The message was ironic: here at the Paralympics, wheelchair users are not truly welcome. Whilst I'm not sure whether any wheelchair users were competing that day, I certainly saw some wheelchair users in the training area, and there were several competitors using crutches. Stepping up did not look easy for some of those using the podium.

It was a wasted opportunity at an event otherwise conceived to shatter the stereotypes of limitation around disabled people. The implication of those steps was that standing is inherently superior to sitting or wheelchair use, particularly when presenting an image of disabled people to the public. The steps implied that competitors must try their very hardest to appear as 'normal', or non-mobility impaired, as possible. Several competitors were reunited with their mobility equipment shortly after the press coverage - as if by avoiding wheelchair use they somehow avoided being truly "disabled".

A DISABLING VIEW

I too used to understand disability in this way. At a time when I was using crutches outside of the house my friend Beccy asked me whether I would consider using a wheelchair. 'No', I replied, 'because then I'd look disabled'. This negated all the possible positive effects of wheelchair use in my mind. Fortunately Beccy questioned what exactly was wrong with 'looking disabled'.

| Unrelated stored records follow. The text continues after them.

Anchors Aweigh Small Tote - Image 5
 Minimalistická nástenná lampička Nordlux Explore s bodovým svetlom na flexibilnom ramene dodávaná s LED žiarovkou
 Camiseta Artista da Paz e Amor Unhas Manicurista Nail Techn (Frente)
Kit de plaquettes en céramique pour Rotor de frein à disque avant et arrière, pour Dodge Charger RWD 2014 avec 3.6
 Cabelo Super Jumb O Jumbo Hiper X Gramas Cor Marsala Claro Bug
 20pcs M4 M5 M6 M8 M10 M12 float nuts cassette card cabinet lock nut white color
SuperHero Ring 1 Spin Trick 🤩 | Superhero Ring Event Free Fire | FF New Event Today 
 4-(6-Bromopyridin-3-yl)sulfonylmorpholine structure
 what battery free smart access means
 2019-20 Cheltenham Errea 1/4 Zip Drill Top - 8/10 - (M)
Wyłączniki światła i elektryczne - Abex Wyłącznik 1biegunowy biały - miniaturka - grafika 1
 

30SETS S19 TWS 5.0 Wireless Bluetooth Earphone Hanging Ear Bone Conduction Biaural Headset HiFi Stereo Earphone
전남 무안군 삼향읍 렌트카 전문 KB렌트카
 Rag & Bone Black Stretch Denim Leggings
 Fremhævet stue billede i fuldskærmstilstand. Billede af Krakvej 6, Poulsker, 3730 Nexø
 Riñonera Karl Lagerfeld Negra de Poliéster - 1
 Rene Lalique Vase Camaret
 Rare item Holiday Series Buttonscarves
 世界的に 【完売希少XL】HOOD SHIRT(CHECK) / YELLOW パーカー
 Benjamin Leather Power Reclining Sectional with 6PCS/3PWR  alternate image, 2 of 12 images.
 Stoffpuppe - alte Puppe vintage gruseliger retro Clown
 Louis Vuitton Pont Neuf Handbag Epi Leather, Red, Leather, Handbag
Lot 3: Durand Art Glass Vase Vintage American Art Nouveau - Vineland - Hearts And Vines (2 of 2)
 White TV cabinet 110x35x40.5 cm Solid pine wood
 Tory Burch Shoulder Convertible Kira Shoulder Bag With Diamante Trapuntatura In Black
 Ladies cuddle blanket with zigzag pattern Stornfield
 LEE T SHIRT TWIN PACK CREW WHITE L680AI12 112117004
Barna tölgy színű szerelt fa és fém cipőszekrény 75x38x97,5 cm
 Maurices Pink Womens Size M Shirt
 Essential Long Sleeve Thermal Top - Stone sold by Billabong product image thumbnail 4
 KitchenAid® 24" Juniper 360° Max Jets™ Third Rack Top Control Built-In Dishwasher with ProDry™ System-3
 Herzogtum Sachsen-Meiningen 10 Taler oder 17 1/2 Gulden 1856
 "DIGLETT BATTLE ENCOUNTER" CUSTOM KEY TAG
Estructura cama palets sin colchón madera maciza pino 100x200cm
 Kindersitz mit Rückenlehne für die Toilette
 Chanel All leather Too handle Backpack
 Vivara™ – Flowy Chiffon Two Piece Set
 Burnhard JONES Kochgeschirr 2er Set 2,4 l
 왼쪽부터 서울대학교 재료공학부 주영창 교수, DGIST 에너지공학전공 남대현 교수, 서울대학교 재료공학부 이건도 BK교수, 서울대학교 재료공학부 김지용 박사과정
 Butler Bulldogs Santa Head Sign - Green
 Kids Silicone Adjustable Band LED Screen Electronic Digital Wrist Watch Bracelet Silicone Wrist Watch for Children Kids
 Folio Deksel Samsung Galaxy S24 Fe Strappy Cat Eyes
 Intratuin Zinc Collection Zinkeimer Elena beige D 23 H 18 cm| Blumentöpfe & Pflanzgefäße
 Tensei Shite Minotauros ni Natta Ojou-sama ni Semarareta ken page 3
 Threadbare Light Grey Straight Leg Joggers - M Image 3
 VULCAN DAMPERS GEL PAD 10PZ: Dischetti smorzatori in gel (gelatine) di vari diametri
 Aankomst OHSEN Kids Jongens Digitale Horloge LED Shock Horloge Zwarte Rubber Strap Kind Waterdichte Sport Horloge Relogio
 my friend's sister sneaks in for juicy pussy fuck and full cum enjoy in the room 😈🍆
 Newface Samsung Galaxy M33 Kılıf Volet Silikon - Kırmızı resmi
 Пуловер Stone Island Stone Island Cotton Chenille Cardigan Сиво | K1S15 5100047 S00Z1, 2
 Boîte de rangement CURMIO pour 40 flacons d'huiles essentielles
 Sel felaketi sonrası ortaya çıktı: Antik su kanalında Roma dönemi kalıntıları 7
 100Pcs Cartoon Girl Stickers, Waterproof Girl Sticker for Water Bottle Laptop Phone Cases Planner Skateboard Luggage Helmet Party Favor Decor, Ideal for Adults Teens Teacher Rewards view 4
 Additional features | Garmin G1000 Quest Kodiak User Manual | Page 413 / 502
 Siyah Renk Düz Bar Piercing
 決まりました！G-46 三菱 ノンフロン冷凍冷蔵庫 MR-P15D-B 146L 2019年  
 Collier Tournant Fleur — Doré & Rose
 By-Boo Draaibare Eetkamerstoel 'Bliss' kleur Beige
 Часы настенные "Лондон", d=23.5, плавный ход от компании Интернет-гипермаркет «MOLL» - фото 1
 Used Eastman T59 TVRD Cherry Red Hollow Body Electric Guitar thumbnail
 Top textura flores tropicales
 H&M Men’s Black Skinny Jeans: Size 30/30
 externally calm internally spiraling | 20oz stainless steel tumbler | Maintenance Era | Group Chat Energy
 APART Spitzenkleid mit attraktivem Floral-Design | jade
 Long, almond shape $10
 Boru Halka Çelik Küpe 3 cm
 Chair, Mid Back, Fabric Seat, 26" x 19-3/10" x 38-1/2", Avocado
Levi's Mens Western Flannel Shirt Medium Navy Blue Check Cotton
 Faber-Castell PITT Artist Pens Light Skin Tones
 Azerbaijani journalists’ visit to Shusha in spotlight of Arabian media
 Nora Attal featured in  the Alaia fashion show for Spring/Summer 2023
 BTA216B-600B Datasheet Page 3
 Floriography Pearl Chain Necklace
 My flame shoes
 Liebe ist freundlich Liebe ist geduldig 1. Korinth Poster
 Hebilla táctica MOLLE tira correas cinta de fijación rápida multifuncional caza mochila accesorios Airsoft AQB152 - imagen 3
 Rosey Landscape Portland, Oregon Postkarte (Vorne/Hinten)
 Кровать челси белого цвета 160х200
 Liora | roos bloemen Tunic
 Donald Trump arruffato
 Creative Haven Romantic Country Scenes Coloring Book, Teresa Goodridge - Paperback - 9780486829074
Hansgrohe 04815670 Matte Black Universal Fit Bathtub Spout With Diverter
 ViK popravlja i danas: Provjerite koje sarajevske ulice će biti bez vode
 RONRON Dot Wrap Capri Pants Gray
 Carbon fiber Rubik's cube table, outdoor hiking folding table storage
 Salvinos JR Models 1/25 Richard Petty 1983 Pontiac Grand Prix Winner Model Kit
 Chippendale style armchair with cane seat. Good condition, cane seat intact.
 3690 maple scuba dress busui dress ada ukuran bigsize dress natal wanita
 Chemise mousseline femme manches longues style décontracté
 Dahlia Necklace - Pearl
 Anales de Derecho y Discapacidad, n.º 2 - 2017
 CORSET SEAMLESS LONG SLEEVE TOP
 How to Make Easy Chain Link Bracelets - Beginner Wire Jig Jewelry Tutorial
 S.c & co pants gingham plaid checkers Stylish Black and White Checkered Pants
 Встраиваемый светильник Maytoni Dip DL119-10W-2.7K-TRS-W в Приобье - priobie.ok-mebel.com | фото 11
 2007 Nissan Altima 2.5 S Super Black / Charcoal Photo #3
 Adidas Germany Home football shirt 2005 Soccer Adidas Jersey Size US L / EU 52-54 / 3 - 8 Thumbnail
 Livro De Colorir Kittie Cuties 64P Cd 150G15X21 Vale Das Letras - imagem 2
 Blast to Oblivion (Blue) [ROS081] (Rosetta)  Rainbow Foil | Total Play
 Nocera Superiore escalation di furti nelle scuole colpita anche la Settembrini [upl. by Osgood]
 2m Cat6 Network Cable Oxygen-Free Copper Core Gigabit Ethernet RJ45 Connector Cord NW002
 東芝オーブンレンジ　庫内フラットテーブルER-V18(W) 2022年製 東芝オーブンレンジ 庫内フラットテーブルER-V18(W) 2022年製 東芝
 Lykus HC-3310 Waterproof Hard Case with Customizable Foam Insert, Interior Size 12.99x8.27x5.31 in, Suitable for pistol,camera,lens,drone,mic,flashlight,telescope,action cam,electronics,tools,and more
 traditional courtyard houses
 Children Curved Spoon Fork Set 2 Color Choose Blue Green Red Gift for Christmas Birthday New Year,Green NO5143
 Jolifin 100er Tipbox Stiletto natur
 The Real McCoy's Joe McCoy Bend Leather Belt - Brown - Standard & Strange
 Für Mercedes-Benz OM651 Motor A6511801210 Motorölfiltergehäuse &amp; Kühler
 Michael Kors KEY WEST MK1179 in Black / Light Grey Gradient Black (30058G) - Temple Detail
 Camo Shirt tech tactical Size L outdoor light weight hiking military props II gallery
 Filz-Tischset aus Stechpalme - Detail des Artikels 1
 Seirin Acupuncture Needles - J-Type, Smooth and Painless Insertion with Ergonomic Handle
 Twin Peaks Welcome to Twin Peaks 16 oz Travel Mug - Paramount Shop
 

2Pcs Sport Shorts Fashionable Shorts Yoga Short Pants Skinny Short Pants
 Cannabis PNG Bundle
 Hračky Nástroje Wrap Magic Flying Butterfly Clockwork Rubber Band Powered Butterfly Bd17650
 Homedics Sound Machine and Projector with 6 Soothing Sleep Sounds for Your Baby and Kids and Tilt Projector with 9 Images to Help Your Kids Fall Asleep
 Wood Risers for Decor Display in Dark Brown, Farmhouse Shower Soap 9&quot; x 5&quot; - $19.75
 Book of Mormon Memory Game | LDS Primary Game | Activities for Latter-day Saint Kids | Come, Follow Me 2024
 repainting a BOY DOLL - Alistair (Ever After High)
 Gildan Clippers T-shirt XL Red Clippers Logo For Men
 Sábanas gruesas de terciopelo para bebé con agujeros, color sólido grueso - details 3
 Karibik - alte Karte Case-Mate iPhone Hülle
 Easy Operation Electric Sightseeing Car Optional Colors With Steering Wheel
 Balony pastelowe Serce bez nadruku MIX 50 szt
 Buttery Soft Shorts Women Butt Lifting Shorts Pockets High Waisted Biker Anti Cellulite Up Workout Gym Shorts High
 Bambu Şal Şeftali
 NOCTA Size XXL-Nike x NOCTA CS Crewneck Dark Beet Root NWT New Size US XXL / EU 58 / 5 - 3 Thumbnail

Around the same time I had a conversation with an acquaintance, Sam. I mentioned that I was involved in a group for 'disabled' students and Sam said to me 'but you aren't disabled, are you, because that's something else?' It was an awkward moment for me during a period when my views about disability were changing, and it served to reinforce my former understanding of the term 'disabled' as something negative and shameful.

Through Beccy and through meeting other friends who were disabled in a university group, my attitudes were slowly transformed. I was introduced to the social model of disability, which holds that disability is a social phenomenon. Disability is not a person's impairment. A society which fails to recognise and meet the needs of those with impairments is the disabling factor.

FREED BY UNDERSTANDING

I found myself increasingly liberated by this understanding of disability: I needed no longer apologise for my access needs or feel embarrassed by wheelchair use. Rather, society had a responsibility to meet these needs wherever possible. I no longer 'had' a disability; I had an impairment which often resulted in disability where my needs were not met.

While society is more accepting of disability than in the past, this is only up to a point. I suspect this comes down to fear, at least in part. Fear, because in fact we are all physically and mentally fragile - impairment of some kind could become a reality for any of us, and with an ageing population this gets increasingly likely. Some people seem to feel a need to divide disabled people into those who are 'less' and 'more' disabled, partly in order to decide how to interact with them, if at all. Distinctions such as these are usually unhelpful. Younger people in particular sometimes seem keen to steer clear of those they perceive to be 'severely disabled'.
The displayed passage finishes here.